He said survival of juvenile spring chinook between Lower Granite Dam on the Snake River and Bonneville Dam on the Columbia River was only 36 percent this year, and it was worse for steelhead. He said about 10 years of positive ocean conditions have masked problems at the dams, but warned the ocean has taken a change for the worse and could stay there for up to a decade and cause wild fish runs to plummet.
"We are going to see more and more of that as climate change grabs hold," he said.
Earlier, Cosens asked panelists what has changed in the salmon-versus-dam debate over the past decade or so. She asked them to tailor their responses to students who were too young to recall the heated debates of the late 1990s and early 2000s - when dam breaching was being considered by the corps.
Linwood Laughy, a salmon advocate and frequent Port of Lewiston critic from Kooskia, said plenty is different today. He cited the reduction in cargo being shipped from Lewiston to the Port of Portland in Oregon.
"Freight transportation is down 70 percent," he said. "We have no container shipments going on. The waterway has been abandoned by lumber, logs and petroleum."
He noted wind energy has boomed in the past decade. Now, wind farms in the Northwest produce three times the energy that are put out by the dams.
"We have a surplus of energy now and the Northwest Power Planning Council predicts we will have a surplus for quite some time," he said.
Todd Myers, environmental director of the Washington Policy Center at Seattle, a free market think tank, countered that dam breaching and reducing carbon releases from the burning of fossil fuels is incompatible.
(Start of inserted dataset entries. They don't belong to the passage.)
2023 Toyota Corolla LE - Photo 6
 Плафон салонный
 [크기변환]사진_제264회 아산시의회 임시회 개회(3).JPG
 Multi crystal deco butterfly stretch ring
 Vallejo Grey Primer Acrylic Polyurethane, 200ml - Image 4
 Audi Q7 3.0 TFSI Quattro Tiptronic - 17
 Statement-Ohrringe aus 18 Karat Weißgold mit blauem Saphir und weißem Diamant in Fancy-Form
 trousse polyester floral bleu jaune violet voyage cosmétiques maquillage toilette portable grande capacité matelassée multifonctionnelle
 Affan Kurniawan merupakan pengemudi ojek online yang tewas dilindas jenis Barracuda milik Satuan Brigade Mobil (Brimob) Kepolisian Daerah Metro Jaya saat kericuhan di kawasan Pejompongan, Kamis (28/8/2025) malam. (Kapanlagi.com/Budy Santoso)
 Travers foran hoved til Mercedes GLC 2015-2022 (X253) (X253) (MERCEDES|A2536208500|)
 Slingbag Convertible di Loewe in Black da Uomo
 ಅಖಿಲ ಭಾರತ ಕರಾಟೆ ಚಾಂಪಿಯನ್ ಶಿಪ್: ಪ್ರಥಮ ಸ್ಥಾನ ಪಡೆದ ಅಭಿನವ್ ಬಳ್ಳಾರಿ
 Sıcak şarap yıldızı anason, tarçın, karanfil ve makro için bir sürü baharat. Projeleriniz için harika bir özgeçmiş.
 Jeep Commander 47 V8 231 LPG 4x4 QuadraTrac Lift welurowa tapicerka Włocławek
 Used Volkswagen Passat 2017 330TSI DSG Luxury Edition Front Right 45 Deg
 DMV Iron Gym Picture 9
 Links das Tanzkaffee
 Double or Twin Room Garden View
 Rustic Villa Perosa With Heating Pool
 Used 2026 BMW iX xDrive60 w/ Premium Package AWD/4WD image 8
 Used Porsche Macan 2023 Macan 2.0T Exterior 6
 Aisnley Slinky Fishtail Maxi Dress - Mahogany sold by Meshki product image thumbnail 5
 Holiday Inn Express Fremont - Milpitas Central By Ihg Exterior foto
"At a time we are concerned about climate change and reducing our carbon emissions, it makes sense to keep this clean energy," he said. Port of Lewiston Manager David Doeringsfeld said the issue is incredibly complex, and in his view focussing on the dams ignores many other problems faced by the fish. He and McKern said the fish runs were in big trouble long before the four lower Snake River dams were built.
"We decimated the fish runs prior to these dams ever going in," Doeringsfeld said.
Laughy lamented the amount of propaganda surrounding the issue. He said industry groups and the corps itself is putting out fuzzy facts
"Before we can ever have a good dialogue about these dams we have to agree on science and we have to agree on a set of facts and put that on the table," he said.
Patrick Wilson, a political scientist with the UI College of Natural Resources, said agreement on facts is difficult to come by in political discussions and he said the question of dams and fish boils down to politics. Some people see big chunks of concrete when they look at the dams, he said.
Wilson also said there may be a few new discussion points around the dam-versus-fish debate. But he said the issue, as of now, lacks the type of crisis that is likely to move political leaders to seriously consider breaching.
"We just don't have that crisis so it's really hard to transcend the status quo," he said.
Perhaps, he said, the decade or more of poor ocean conditions predicted by Pettit will lead to a downward trend in fish returns that will change the politics.
"It might be a different political reality," he said. "I'm not sure it will be enough."